Es gracioso cuando un hombre y una mujer no están de acuerdo


las tragicómicas peleas entre hombres y mujeres demuestran lo distintos que son los 2 sexos
 
Es gracioso cuando un hombre y una mujer no están de acuerdo (¿O Será porque él es de Marte y yo de Venus?)
Por Luciana Schnitman
Hace un tiempito nos peleamos, mi amigo y yo. Sólo un poco. En la medida justa como para que la soga se tense, pero no se corte. No me gustó, por supuesto, pero tal vez era necesario. Estoy segura de que cada cual se bajó del cuadrilátero con algo valioso. Es gracioso cuando un hombre y una mujer no están de acuerdo. Es tragicómico, mejor dicho. Pero a veces realmente vemos las cosas de maneras muy distintas. No importa el vínculo preciso que se tenga con el hombre en cuestión – sea este novio, concubino, marido, padre, hijo, hermano, tío, primo, sobrino, amigo o colega laboral – muchas veces miramos distinto, percibimos distinto, sentimos distinto y nos expresamos distinto.
“Cuestión de género”, dicen. No sé cómo llamarlo, pero algo de eso hay: estamos separados por un abismo biológico. Y es gracioso cuando, porque hay amor de por medio, intentamos acercar las orillas; explicar, contar, intercambiar, comprender. Gracioso no, perdón, tragicómico, porque en el medio todos sufrimos un poco y nos frustramos otro poco. Pero al final queda un gusto dulce dando vueltas y un sentimiento similar a la ternura.
Mi amigo, por ejemplo, en esa pelea me tildó de dramática. Touché. Algo de eso quedó resonándome por todo el cuerpo. Sin embargo, yo estaba tratando de explicarle – con demasiada vehemencia, tal vez – cosas que para mí eran importantes. Y él no las podía comprender. Después de un rato de diálogo sinuoso lo sentí sensible; levemente herido. Y, de a poco, comenzaron a aflorar temas personales de cada uno que probablemente habían dejado la escena bien preparada como para que este choque se produjera y escale.

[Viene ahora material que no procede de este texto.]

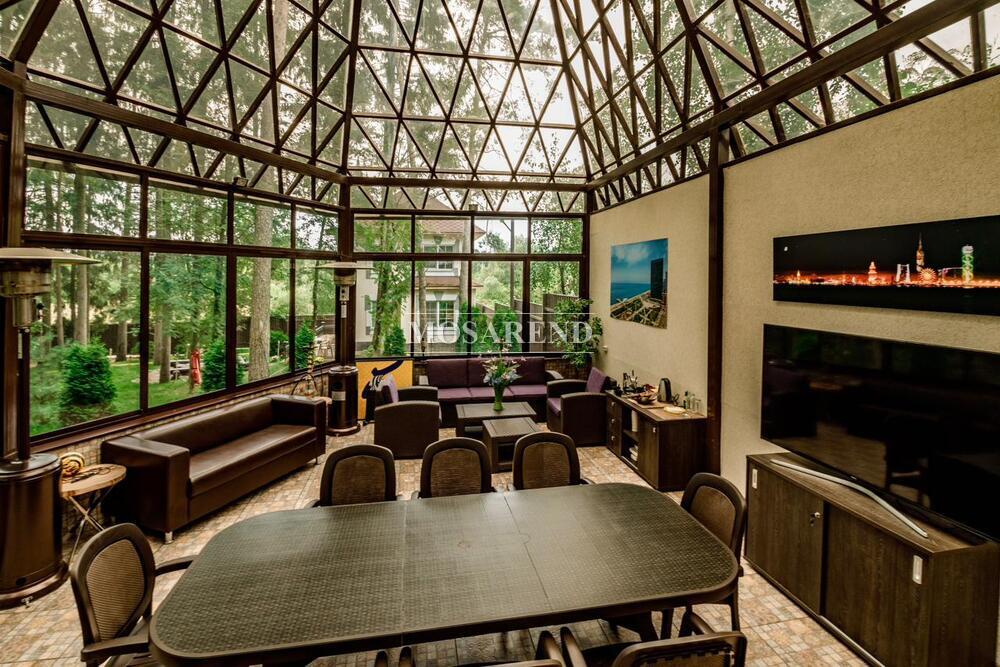 2 коттеджа на одном участке на 25 человек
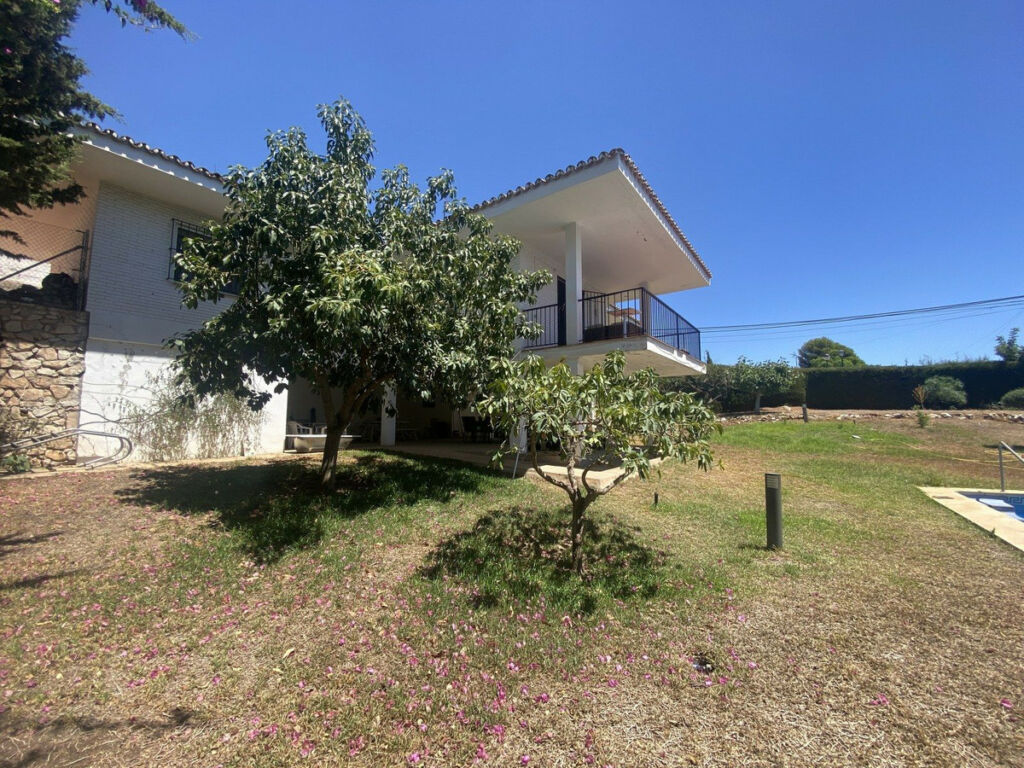 Detached Villa La Capellania Málaga - image 9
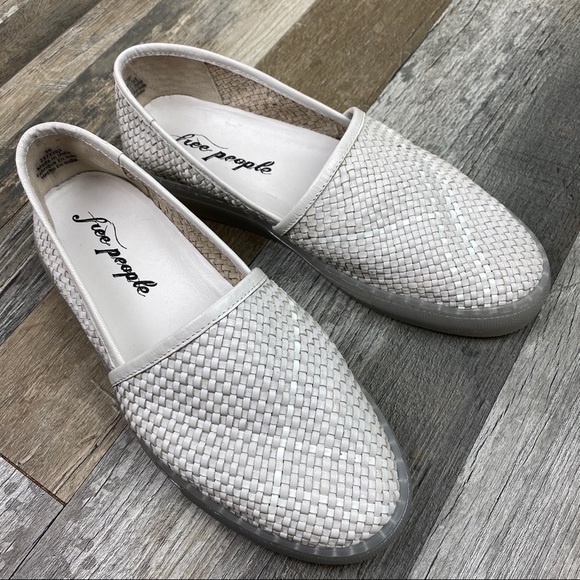 Free People Santorini Woven Slip On shoes flat white leather Sneakers 38 comfy - Picture 2 of 13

Así y todo ninguno dio el brazo a torcer. No era el momento aún de ser compasivos (no del todo). Ni bien bajé la guardia agregó que yo debería ser más abierta; escuchar más. Ok. ¡Suficiente! Le dije que si quedaba algo por charlar los hablábamos en persona. Bien. Nos despedimos. Quedo en llamarlo; me dice que así como venimos no nos vemos más. Tiene razón. Aflojo: le digo que lo extraño (mucho). Tregua. 
La bandera blanca flamea fervorosamente. Aprovechamos para preguntarnos por nuestros amores. Nos contamos cosas. Y en esa confianza, lejos de la mirada femenina típicamente juiciosa, me sentí como en casa: cómoda y liviana. Destapé mi corazón e hilvané algunas confidencias de mi vida sentimental, con total transparencia. ¡Qué placer! ¡Benditos sean los amigos varones! ¡Está buenísimo pasear por Marte de vez en cuando! Y no lo dudé: le dije lo importante que era para mí poder hablar así con él. Creí que le gustaría saberlo. Pero me cortó en seco: “Vas a pensar que soy muy retorcido, pero odio el rol del amigo gay. Es decir, terminar en el confesionario. En ese sentido no me copa necesariamente tener amigas mujeres”. ¿Qué? ¡Dale! ¿En serio? ¿Se crispó de nuevo? Le pifié. ¡Lo empalagué! Fue mucho.
Finalmente nos reconciliamos, mi amigo y yo. Sólo un poco. Sutilmente. En la medida justa como para que la soga se afloje, pero tampoco se enmarañe.